Introduction: Pitch is important for perception of speech. It is an imperative acoustic cue for differentiating gender, age, emotion and culture, etc. In certain languages, pitch also changes the linguistic meaning of the word. Mandarin, Cantonese, Thai, etc. (tonal languages) are few such languages where the pitch contour varies the meaning of the word. Researchers reported that language tone and pitch contour influence the pitch perception, but the results were inconclusive. The role of linguistic meaning was also sparsely investigated in the context of pitch perception. Thus, the present study was designed to assess the influence of language tone, linguistic meaning, and pitch contour on the perception of pitch. Methods: Fifty adult Mandarin and Kannada speaking individuals were selected, and their pitch perception abilities were measured using a 15-step categorical perception paradigm. The stimuli were Mandarin meaningful and nonmeaningful syllables varying in their pitch contour from rising to falling fundamental frequency in one set and falling to rising fundamental frequency in another set of continuum. Results: Univariate ANOVA was used to compare the effect of language background, linguistic meaning, and pitch contour on the perception of pitch. Results indicate no significant effect of linguistic background (P > 0.05) and linguistic meaning (P > 0.05), but the mean values were significantly different across pitch contour (P = 0.001). Conclusion: The language tone and linguistic meaning have no significant influence on the pitch perception, but the categorical boundary was wider for Kannada language participants and for nonmeaningful stimuli. Pitch contour significantly affects the perception of pitch. There are differential perceptual processes which are dependent on the native languages.

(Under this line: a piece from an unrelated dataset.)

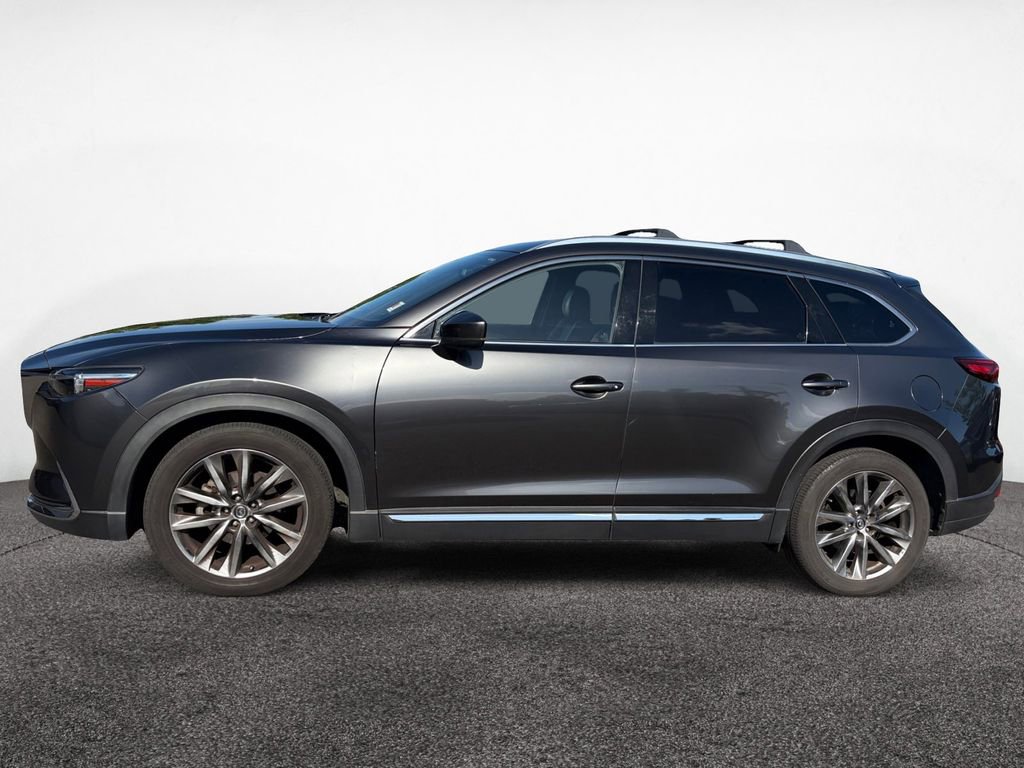 Used 2016 MAZDA CX-9 Signature AWD/4WD image 2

Keywords: Acoustics, linguistic diversity, psychoacoustics, speech perception, tonal language


How to cite this article:
Jain S, Ajay A, Kumaraswamy S. Categorical perception of pitch: Influence of language tone, linguistic meaning, and pitch contour. J Indian Speech Language Hearing Assoc 2017;31:66-71

How to cite this URL:
Jain S, Ajay A, Kumaraswamy S. Categorical perception of pitch: Influence of language tone, linguistic meaning, and pitch contour. J Indian Speech Language Hearing Assoc [serial online] 2017 [cited 2018 Jun 18];31:66-71. Available from: http://www.jisha.org/text.asp?2017/31/2/66/220996


  Introduction Top


Pitch is the psychological correlate of the fundamental frequency and is important for speech perception.[1] The quality of the sound is dependent on the highness or lowness of tone pitch along with other acoustic cues. It is a major cue for the identification of suprasegmental aspects of speech;[2] helpful in gender identification;[3],[4] age identification;[5],[6] emotional arousal;[7] cultural variations;[8] and sociocultural aspects.[9] The change in pitch does not vary the meaning of spoken words or sentences in most of the Indo-European languages such as English, Hindi, and Sanskrit, but in Sino-Tibetan languages such as Mandarin, Cantonese, and Thai, the change in the pitch contours changes the meaning of the words. Such languages where the meaning of the words is dependent on the pitch contour within a syllable are known as tonal languages.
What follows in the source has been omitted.